**** SUPPLIED INFORMATION ****
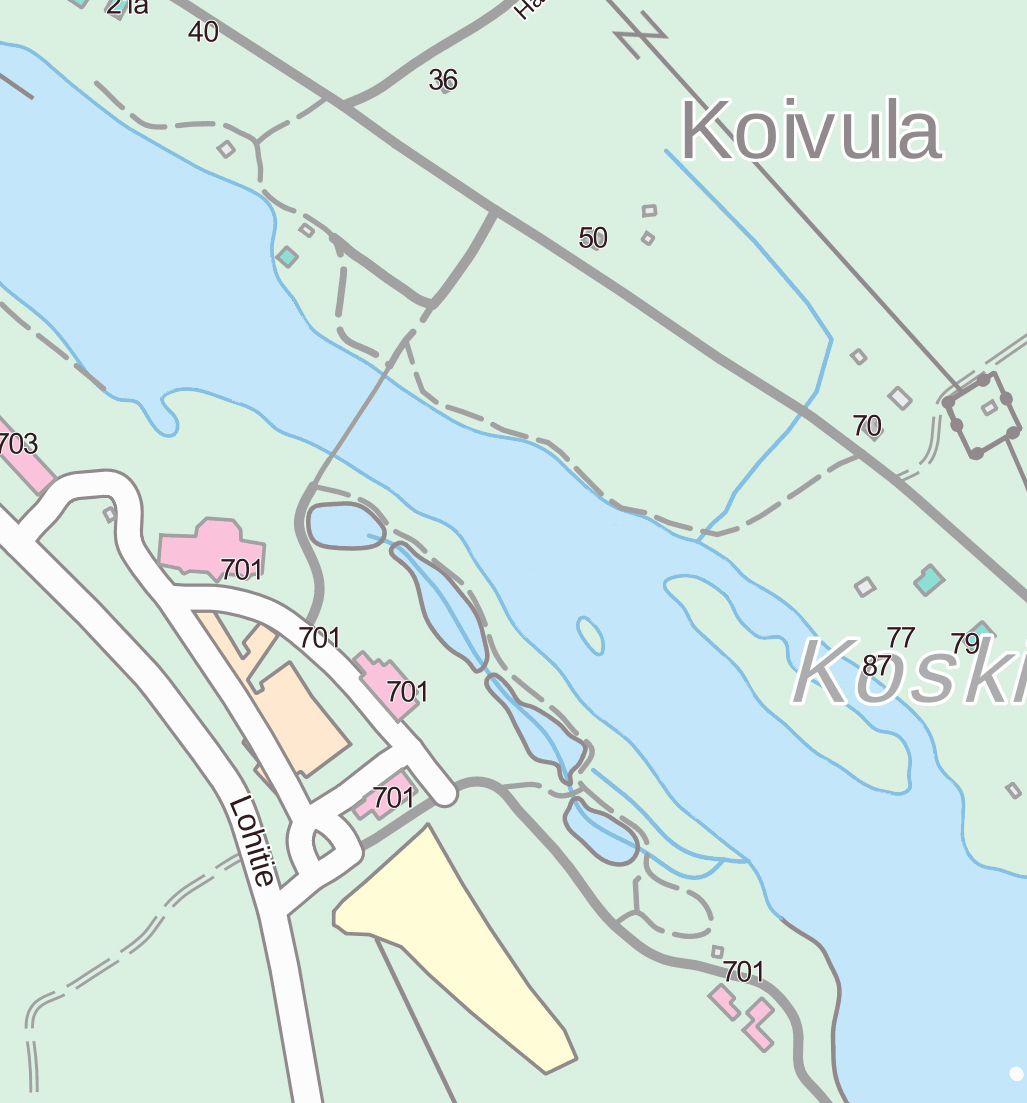 2. Tutkimusalue Nilakka-järvi laskee Huuhtajankosken ja tämän alapuolella sijaitsevan Äyskosken kautta Rasvankijärveen Rautalammin reitillä Tervon kunnassa.
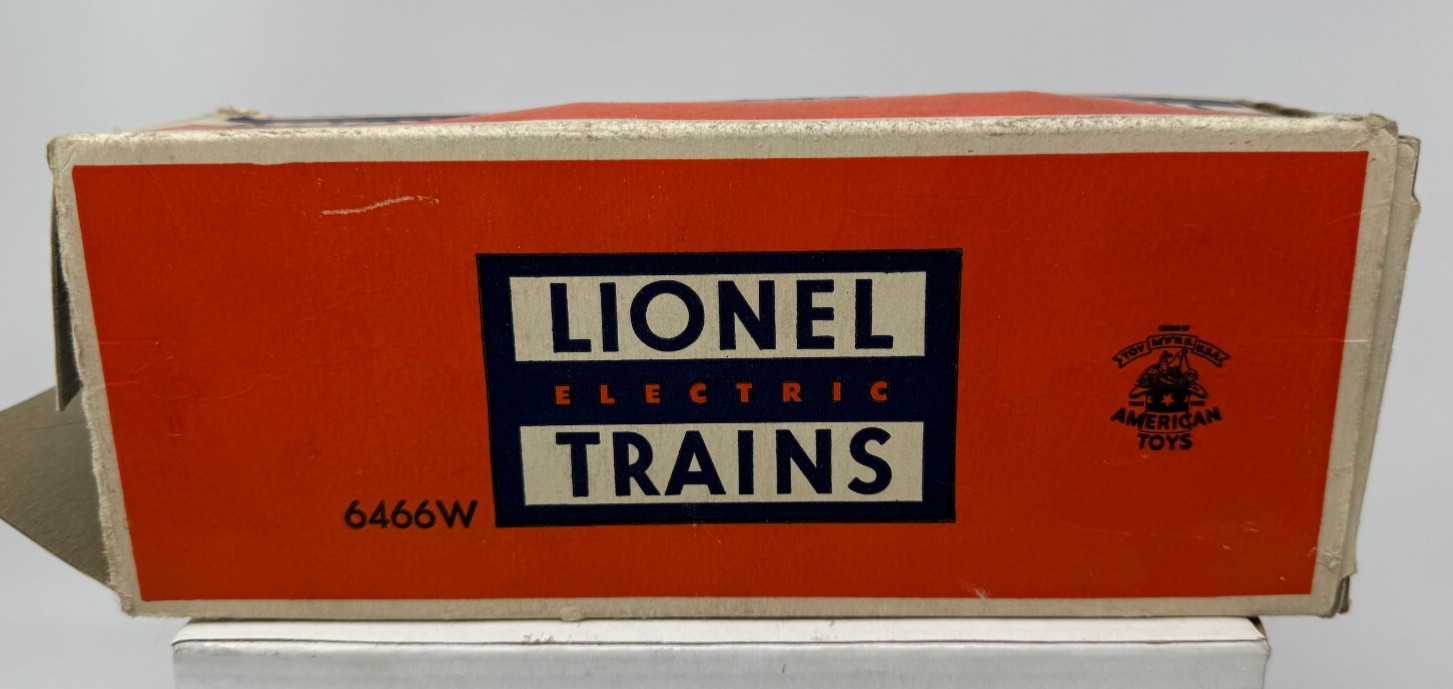LIONEL 6646W Coal Tender Car with original box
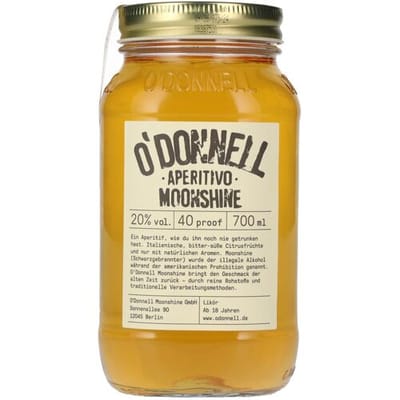 O'Donnell Moonshine APERITIVO Likör 20% Vol. 0,7l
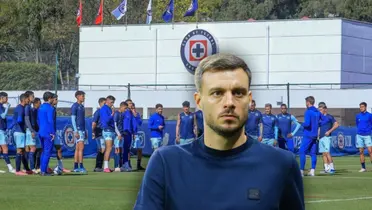 Martín Anselmi en los entrenamientos de Cruz Azul (Fuente: ESPN)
****
Return the material exactly as written, except for any pictures it holds.

▶ **TASK RESPONSE**
 2. Tutkimusalue Nilakka-järvi laskee Huuhtajankosken ja tämän alapuolella sijaitsevan Äyskosken kautta Rasvankijärveen Rautalammin reitillä Tervon kunnassa.
LIONEL 6646W Coal Tender Car with original box
 O'Donnell Moonshine APERITIVO Likör 20% Vol. 0,7l
 Martín Anselmi en los entrenamientos de Cruz Azul (Fuente: ESPN)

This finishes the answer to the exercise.